Several years ago, a Wall Street Journal article (I have searched in vain for the citation) explained how it’s impossible to make a rational decision about whether to have a child. The author, a mother herself, contrasted the decision to have a child with the decision to eat a peach. With the latter, I remain the same person before and after eating the peach. I can describe the experience to someone else in a way he or she would probably understand. Or, the listener can eat a peach and have that experience.
But when I become a parent, I can’t just try it out and return the child if I don’t like it. If I do decide to have a child, I become a different person. My heart and my mind change in ways that I could not have anticipated. Before she became a mom, the author had found statements like, “I never knew how much I could love until I became a parent”, or “If it came to a decision between my life and my child’s, my child would win, hands down” trite or overstated. But now she entirely gets that. In my experience, most parents do.
When we had Michael, I was completely unprepared for the transformation. Whole new rooms and corridors opened up in my heart. I had fallen in love. The love was almost fierce – like a hunger. I couldn’t get enough of him. I had to protect him. Before, I hadn’t grasped the verse, “For God so loved the world that he gave his only son” (Jn 3:16). I’d thought, “If he loved us so much, why didn’t he give himself?” After Michael, I grasped how great the Father’s sacrifice was.
(As many dads can relate to, becoming a father also got me in touch with my Inner Goof. Michael brought out my playful side. How delightful – for me, not him – to be able to say to teenaged Michael, as we waited to cross a street, “Do you realize that, right now, I could start flapping my arms and clucking like a chicken and not feel the slightest embarrassment? Yet you would be humiliated.” “Dad, don’t.” I wouldn’t – the squirm was my payoff.)

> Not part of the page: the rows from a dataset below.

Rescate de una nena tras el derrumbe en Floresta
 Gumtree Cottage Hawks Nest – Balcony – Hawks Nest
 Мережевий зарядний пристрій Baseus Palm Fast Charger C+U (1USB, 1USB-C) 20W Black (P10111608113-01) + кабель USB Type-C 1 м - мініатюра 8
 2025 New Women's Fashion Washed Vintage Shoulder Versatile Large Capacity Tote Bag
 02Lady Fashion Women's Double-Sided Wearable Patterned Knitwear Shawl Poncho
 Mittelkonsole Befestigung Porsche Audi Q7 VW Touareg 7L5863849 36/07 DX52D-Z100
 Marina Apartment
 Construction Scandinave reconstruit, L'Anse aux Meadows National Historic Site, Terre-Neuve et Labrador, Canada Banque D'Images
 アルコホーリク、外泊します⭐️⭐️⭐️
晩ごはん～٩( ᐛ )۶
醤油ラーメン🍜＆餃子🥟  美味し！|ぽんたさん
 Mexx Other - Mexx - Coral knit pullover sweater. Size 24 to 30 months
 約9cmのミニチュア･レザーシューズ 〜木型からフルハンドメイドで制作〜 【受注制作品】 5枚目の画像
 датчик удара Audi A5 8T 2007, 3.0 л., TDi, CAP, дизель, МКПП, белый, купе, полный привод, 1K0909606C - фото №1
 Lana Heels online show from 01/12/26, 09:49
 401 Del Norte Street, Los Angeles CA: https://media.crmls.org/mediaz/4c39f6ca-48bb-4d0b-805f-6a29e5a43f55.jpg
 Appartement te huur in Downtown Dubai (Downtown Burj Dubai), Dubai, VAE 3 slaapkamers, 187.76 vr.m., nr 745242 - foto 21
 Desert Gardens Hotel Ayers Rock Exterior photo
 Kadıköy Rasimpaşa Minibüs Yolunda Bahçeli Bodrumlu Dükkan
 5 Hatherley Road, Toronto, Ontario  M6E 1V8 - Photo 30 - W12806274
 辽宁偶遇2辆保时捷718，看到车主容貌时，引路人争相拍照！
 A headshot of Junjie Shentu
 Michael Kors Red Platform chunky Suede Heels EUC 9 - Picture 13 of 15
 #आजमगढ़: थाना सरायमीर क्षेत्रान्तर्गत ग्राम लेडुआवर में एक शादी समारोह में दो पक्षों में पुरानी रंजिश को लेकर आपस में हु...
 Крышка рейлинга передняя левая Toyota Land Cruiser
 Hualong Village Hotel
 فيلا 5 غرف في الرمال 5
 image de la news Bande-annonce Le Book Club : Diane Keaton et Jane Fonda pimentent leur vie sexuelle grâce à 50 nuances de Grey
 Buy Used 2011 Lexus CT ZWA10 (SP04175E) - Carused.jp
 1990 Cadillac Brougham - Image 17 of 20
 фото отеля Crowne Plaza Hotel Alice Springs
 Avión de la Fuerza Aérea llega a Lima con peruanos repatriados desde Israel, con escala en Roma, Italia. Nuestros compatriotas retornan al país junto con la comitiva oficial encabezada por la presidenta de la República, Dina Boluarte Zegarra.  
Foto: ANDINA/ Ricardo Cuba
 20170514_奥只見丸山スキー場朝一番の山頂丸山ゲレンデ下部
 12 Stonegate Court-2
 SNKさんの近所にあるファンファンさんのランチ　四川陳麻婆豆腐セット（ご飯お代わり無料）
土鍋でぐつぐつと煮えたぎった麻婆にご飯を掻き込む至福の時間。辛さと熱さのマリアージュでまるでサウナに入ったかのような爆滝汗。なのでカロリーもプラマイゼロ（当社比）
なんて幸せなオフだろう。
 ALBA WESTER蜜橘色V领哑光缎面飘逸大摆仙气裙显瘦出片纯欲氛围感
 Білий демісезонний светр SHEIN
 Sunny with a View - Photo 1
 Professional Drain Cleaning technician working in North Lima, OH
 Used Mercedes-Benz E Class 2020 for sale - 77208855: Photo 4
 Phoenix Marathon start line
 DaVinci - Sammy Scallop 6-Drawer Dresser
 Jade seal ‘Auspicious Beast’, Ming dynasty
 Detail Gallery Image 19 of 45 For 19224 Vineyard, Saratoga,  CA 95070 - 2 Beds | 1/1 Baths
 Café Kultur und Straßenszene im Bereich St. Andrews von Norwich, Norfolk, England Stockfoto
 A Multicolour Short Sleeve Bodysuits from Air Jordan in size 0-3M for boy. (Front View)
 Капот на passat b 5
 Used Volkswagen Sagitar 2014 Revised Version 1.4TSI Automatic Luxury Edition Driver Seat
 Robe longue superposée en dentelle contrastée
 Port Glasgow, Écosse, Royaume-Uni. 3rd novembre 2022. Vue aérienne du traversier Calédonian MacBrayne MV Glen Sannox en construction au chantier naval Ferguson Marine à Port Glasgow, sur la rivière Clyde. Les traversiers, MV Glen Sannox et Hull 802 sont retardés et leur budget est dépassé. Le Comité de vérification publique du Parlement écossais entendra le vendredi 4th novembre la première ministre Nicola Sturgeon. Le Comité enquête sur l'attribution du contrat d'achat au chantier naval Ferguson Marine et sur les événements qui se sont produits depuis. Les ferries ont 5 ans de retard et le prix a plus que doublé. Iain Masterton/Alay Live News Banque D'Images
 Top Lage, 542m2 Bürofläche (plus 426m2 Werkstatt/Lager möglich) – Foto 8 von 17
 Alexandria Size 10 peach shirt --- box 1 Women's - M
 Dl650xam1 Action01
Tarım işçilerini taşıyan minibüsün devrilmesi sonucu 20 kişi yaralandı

People who are not parents simply cannot grasp the change. It’s not because they’re emotionally barren or unintelligent. They just haven’t had the experience. As a recent NPR article (The link is here: Is Having A Child A Rational Decision?) points out, it gets even more complicated. As one child differs from another, so does parenting that child. And parenting many children differs from parenting one child. And parenting a disabled child is yet another experience.
For example, Mary and I miscarried many children after having Michael. So we don’t know what it’s like to raise a daughter or to raise siblings. Parents who have raised many children have told me, “When you have your first, you think that your heart couldn’t possibly be big enough to love another child just as much. But it is!” I believe it, but I don’t know it in my insides.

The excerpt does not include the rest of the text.